Jadi begitulah ucapan beliau
yang jelas lagi tidak ada kesamaran di dalamnya.
Bahkan
Asy Syaikh Abu Abdillah Abdurrahman Ibnu Abdil Hamid berkata di dalam Risalah
Al Jawab Al Mufid Fi Hukmi Jahilit Tauhid: “Dan berkata juga Asy Syaukani:
“Dan bila sudah terbukti jelas apa yang telah kami utarakan prihal orang
yang menghina Nabi shallallaahu „alaihi wasallam, maka lebih utama lagi orang yang
menghina Allah tabaaraka wa ta‟alaa atau menghina Kitab-Nya atau (menghina)
Islam atau mencela dein-Nya. Dan kafirnya orang yang melakukan hal ini adalah
tidak membutuhkan kepada burhaan (dalil)”. Bahkan lihatlah ucapan Al
Imam Asy Syaukani sendiri di dalam salah satu tulisannya yang di dalamnya
beliau mengkafirkan mayoritas penduduk Yaman di zamannya dan memvonis mereka
murtad dari Islam, dan beliau menuturkan dalil-dalil terhadap hal ini.
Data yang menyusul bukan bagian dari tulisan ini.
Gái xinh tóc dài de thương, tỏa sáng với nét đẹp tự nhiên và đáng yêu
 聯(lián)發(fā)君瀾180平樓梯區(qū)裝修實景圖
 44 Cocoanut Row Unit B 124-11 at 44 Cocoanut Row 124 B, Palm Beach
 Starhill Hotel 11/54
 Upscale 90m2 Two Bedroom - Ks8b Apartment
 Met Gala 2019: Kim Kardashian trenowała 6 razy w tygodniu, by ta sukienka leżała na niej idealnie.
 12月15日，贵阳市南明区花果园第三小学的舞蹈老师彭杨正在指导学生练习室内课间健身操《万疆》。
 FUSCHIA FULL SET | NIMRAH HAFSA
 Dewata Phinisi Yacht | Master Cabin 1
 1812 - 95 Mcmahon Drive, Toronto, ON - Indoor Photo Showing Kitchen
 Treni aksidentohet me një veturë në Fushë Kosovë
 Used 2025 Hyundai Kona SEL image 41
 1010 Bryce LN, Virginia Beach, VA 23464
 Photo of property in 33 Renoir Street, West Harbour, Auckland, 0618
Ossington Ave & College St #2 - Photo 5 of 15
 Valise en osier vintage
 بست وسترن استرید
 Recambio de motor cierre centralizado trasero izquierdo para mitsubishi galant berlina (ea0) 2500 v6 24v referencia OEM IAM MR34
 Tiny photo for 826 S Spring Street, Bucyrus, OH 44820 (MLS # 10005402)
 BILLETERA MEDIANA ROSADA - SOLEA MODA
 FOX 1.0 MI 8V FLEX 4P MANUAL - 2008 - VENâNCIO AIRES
Umpamanya beliau berkata: “Dan telah sah dari Nabi shallallaahu „alaihi
wasallam bahwa beliau berkata,” Tidak ada pemisah di antara seorang hamba
dengan kekafiran kecuali meninggalkan shalat,” jadi orang yang meninggalkan
shalat dari kalangan masyarakat adalah kafir, dan sama kafirnya juga orang yang
mengerjakan shalat sedangkan dia tidak benar di dalam dzikir-dzikir dan
rukun-rukunnya yang mana shalat tidak sah kecuali dengannya, karena dia itu
meninggalkan hal fardlu yang tergolong kefardluan terpenting atas dirinya dan
(meninggalkan) kewajiban yang tergolong kewajiban paling besar, yaitu mengetahui
apa yang mana shalat tidak sah kecuali dengannya…” sampai beliau berkata:
“Dan sering sekali masyarakat itu mendatangkan ucapan-ucapan kekafiran, di mana
dia mengatakan: Dia Yahudi, hendaklah dia mengerjakan ini atau itu. Dan
sesekali dia murtad dengan sebab ucapan dan sesekali (dia murtad) dengan sebab
perbuatan sedangkan dia tidak menyadarinya. Dan dia mencerai isterinya
sampai baa-in (lepas total) darinya dengan ucapan-ucapan yang selalu dia
ucapakan”. Dan beliau (Al Imam) Asy Syaukani berkata juga: “Dan
tidak diragukan lagi bahwa tingkah mereka melakukan hal-hal besar semacam ini
adalah tergolong sebab-sebab terbesar yang menyebabkan mereka kafir dan
melenyapkan keimanan, yang wajib atas setiap individu kaum muslimin untuk
mengingkarinya, dan wajib atas setiap orang yang mampu untuk memerangi para
pelakunya sampai mereka kembali kepada dienul Islam yang dengannya Allah
mengutus penutup para rasul shallallaahu ‘alaihi wasallam”. Maka lihatlah
semoga Allah merahmatimu, bagaimana penulis (yaitu Asy Syaukani)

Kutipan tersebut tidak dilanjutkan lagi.